Records for processing:
• • • •
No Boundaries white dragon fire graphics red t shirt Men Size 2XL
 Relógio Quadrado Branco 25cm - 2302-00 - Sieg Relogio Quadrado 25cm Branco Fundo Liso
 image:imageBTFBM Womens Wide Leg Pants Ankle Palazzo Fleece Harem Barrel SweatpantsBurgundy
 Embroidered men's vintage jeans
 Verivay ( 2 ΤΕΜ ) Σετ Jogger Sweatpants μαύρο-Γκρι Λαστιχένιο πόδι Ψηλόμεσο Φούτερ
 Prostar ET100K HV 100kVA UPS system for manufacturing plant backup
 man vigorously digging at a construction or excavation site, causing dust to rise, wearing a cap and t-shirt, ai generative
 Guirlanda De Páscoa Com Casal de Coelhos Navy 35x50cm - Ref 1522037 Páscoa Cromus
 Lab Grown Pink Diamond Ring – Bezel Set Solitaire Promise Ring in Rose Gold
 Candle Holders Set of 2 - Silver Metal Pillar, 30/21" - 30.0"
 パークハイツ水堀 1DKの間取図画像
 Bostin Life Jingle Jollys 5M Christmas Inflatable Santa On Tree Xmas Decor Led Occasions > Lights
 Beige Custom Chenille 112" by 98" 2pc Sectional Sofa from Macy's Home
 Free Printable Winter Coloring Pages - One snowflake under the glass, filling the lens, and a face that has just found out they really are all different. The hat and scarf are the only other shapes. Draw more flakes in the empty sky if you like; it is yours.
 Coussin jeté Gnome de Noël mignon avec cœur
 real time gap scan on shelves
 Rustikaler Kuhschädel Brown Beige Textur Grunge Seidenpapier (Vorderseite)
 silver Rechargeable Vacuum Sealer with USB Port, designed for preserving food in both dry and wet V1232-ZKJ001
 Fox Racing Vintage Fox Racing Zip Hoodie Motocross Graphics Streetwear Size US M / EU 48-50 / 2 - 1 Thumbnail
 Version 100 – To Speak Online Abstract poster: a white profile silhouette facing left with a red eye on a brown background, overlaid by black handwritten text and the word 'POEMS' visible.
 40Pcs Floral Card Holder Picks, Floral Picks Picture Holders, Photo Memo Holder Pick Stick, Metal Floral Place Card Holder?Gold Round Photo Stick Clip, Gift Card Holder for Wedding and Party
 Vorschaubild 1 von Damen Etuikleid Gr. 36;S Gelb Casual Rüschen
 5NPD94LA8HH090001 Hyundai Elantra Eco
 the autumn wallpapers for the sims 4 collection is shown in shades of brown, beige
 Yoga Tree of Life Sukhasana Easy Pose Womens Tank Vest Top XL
• • • •
Your instructions: Reproduce each line of the entries in which the word "with" is found.

Solution:
 silver Rechargeable Vacuum Sealer with USB Port, designed for preserving food in both dry and wet V1232-ZKJ001
 Version 100 – To Speak Online Abstract poster: a white profile silhouette facing left with a red eye on a brown background, overlaid by black handwritten text and the word 'POEMS' visible.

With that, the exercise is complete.